Lettre à ceux qui ont foutu le “bordel” [par Jean-Paul Pelras]

Si j’essaie, dans mes correspondances hebdomadaires, de rester courtois et révérencieux à l’endroit de mes destinataires, j’ai décidé, cette fois-ci, d’emprunter à leur prose et à leurs versets. Le terme “bordéliser” ayant été abondamment usité ces derniers temps pour qualifier l’attitude et les mots de certains parlementaires, sur les bancs comme à l’extérieur de l’Assemblée.
Pour procéder, je ne désignerai implicitement aucun parti, aucune formation. Vous êtes tous, absolument tous, responsables de cette chienlit, de cette margaille, de cette anarchie, de ce foutoir, de ce boxon. Les uns, car cette réforme mal préparée devait immanquablement susciter d’énormes tensions eu égard à l’immédiateté de son application et au contexte socio-économique que nous sommes en train de traverser. Les autres car, pitoyables stratèges, vous avez laissé filer, en créant la confusion, la possibilité d’échanger sur le principal article en gestation, celui qui concerne bien évidemment le passage de 62 à 64 ans.

En invectivant le gouvernement, vous avez exacerbé le culte de la persécution et ceux que vous êtes venus accuser sont, in petto, devenus les victimes de vos réquisitoires, de vos calomnies, de vos diffamations.

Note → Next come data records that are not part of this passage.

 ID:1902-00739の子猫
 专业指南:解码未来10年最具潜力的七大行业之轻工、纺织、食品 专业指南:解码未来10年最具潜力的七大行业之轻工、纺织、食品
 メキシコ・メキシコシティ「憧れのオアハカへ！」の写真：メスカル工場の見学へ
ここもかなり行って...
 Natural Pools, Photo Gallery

Débraillés, grossiers, promoteurs d’idéaux qui n’avaient rien à faire dans ce débat, vous avez confondu le Palais Bourbon avec une kermesse, un festival, une cour de récréation. Vous êtes des joueurs de billes et c’est aux osselets que vous venez de brader les valeurs de nos instituions. De gauche, de droite, aux extrêmes, en marche ou à l’arrêt, vous vous êtes livrés à un spectacle pitoyable. Vous n’êtes pas digne du mandat que le peuple vous a confié et encore moins des rétributions dont vous bénéficiez, à bien y regarder, pour rivaliser de bêtise et de stupidité. Car, voyez-vous, on ne s’improvise pas trublion à l’Assemblée comme le fit, avec ce talent dont vous n’êtes de toute évidence pas du tout équipés, Jean Lassalle lorsqu’il entonna un chant régional pour se faire entendre et écouter.

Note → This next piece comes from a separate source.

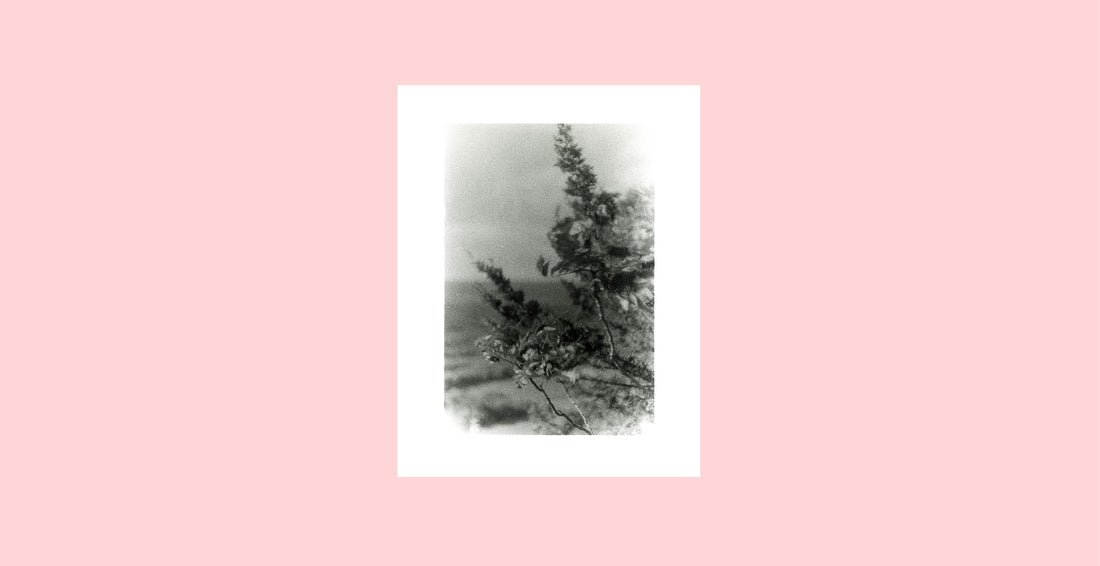 “Talcott Mountain Branches,” 35mm black and white film, 2021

Comment voulez-vous, en effet, juguler l’abstention en faisant preuve de tant d’irresponsabilité ? Qui confierait à l’ouvrier, car vous êtes nos ouvriers puisque nous vous payons, l’outil qu’il va s’employer à saccager ? Cet outil que vous méprisez pour les uns à coup de 49-3, de 47-1 ou de je ne sais quel dispositif fourni par la Constitution. Cet outil dont vous privez, pour les autres, le peuple français, qu’il soit ou non favorable à la reforme proposée (ou imposée) par le gouvernement Macron. En précipitant la cacophonie, vous avez discrédité un mouvement syndical qui, semaine après semaine et, il faut le reconnaître, dans la dignité, a exprimé et exprimera certainement encore massivement son mécontentement sur le pavé.
Oui, en foutant le bordel, vous avez tout foutu par terre. Les uns en provoquant, les autres en se laissant délicieusement provoquer, vous resterez, qui que vous soyez, éternellement responsables de vos actes manqués.